Files
pytorch/c10/core/impl/PyObjectSlot.h
2025-10-05 21:39:57 +00:00

125 lines
5.0 KiB
C++

#pragma once
#include <c10/core/impl/HermeticPyObjectTLS.h>
#include <c10/core/impl/PyInterpreter.h>
#include <c10/core/impl/PyInterpreterHooks.h>
#include <c10/util/python_stub.h>
#include <optional>
#include <atomic>
namespace c10::impl {
struct C10_API PyObjectSlot {
public:
PyObjectSlot();
~PyObjectSlot();
void maybe_destroy_pyobj();
// Associate the TensorImpl with the specified PyObject, and, if necessary,
// also tag the interpreter.
//
// NB: This lives in a header so that we can inline away the switch on status
//
// NB: THIS FUNCTION CAN RAISE AN EXCEPTION. Make sure to clean up after
// PyObject if necessary!
void init_pyobj(PyObject* pyobj) {
pyobj_interpreter_.store(
getGlobalPyInterpreter(), std::memory_order_relaxed);
pyobj_ = pyobj;
}
// Query the PyObject interpreter.

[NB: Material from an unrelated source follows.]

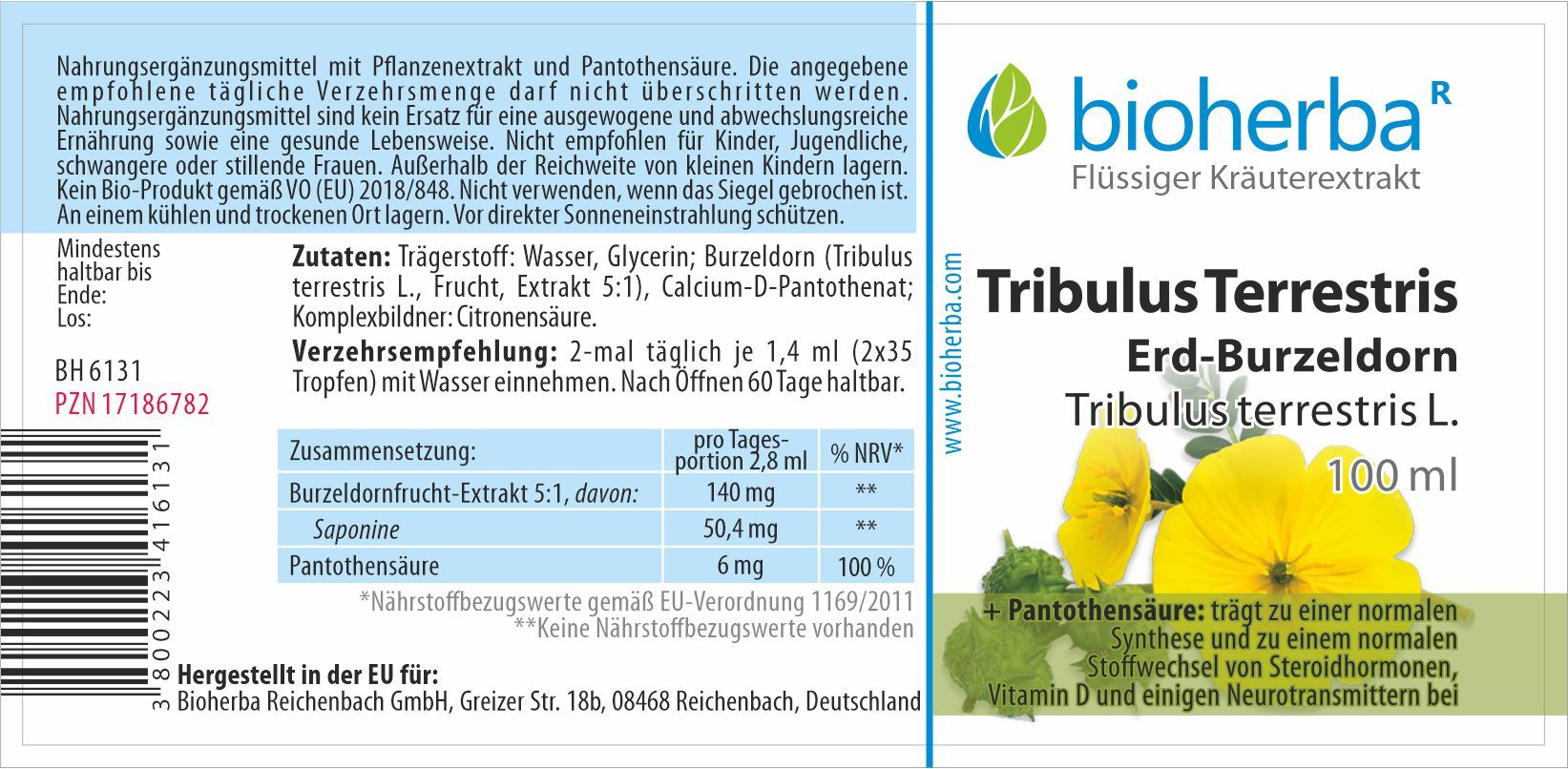 Tribulus Terrestris Erd-Burzeldorn Tropfen Tinktur 100 ml PZN 17186782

This may return null if there is no
// interpreter. This is racy!
PyInterpreter* pyobj_interpreter();
PyObject* _unchecked_untagged_pyobj() const;
// Test the interpreter tag. If tagged for the current interpreter, return
// a non-nullopt (but possibly null) PyObject. If (possibly) untagged,
// returns a nullopt. If it is definitely invalid, raises an error.
//
// If `ignore_hermetic_tls` is false and this function is called from a
// hermetic context (ie, `HermeticPyObjectTLS::get_state()` is true), then
// nullopt is returned. If `ignore_hermetic_tls` is true, then the hermetic
// context is ignored, allowing you to check the interpreter tag of a
// nonhermetic PyObject from within a hermetic context. This is necessary
// because there are some cases where the deallocator function of a
// nonhermetic PyObject is called from within a hermetic context, so it must
// be properly treated as a nonhermetic PyObject.
//
// NB: this lives in header so that we can avoid actually creating the
// std::optional
// @todo alban: I'm not too sure what's going on here, we can probably delete
// it but it's worthwhile making sure
std::optional<PyObject*> check_pyobj(bool ignore_hermetic_tls = false) const {
impl::PyInterpreter* interpreter =
pyobj_interpreter_.load(std::memory_order_acquire);
if (interpreter == nullptr) {
return std::nullopt;
}
if (!ignore_hermetic_tls && c10::impl::HermeticPyObjectTLS::get_state()) {
return std::nullopt;
} else {
return _unchecked_untagged_pyobj();
}
}
PyInterpreter& load_pyobj_interpreter() const;
bool owns_pyobj();
void set_owns_pyobj(bool b);
private:
// This field contains the interpreter tag for this object. See
// Note [Python interpreter tag] for general context
//
// Note [Memory ordering on Python interpreter tag]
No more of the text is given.